Matter of fact, having an abundance of choices means spending greater amounts of mental energy on the many more options there are to consider. Many people believe the more choices they have, the better their life will be, or worse, the happier they will be. They want to believe there is joy in having this rainbow of variety, but in reality there is less.
It happens all the time. We finally amp up the energy to make a vote and then we think about it for hours, days or weeks after its been made. Could I have chosen a better meal?Should I have worn something different? Could I have chosen a better mate? A better car? A better (FILL IN THE BLANK WITH LITERALLY ANYTHING)? Why do we do this to ourselves? The reason is because we’ve been given so many choices, therefore we’ve also been given more opportunity for
D i s s a t i s f a c t i o n .
With good comes bad, people. It’s how life operates. Thinking about everything that “could have been” never seems to sit well with any of us. This increase of privilege brings an increase in contemplating combinations in which every single one of us has, at point or another, lost sleep over. What could have been “better” than what I chose? See, the odds are already stacked against you since in the end, you’re only capable of choosing so much. It’s sure dam hard to be happy with your lonely little decision when several, seemingly amazing, selections are shaming you.

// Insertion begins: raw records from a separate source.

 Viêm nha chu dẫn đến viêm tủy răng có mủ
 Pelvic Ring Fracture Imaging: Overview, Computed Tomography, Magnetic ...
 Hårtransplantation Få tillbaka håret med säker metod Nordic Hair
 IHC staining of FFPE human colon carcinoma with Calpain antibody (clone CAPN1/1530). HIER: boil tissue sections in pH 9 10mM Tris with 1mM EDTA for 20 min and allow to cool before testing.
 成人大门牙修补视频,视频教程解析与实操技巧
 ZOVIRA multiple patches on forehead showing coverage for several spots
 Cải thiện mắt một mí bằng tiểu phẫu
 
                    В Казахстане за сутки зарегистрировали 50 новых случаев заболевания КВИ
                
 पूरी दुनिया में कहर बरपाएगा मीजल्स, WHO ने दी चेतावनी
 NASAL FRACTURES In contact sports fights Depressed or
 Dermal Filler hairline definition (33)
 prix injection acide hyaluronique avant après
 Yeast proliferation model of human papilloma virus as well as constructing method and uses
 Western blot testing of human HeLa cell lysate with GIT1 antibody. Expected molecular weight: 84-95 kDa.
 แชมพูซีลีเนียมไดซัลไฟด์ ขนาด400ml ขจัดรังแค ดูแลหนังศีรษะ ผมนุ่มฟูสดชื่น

Hushing out all the noise of choice doesn’t work either. As humans, we need to have some type of choice because having none at all makes us feel helpless and angry at the world. It’s about, dare I say it, only having SOME choices. We can’t have it all, although many drive themselves insane believing they can, and we won’t be happy if we have nothing to choose from. For a balance between health and happiness, allow yourself some choice. Not all. Not none.
If you don’t know how to do that, remember the best choice is the one you create and make for yourself.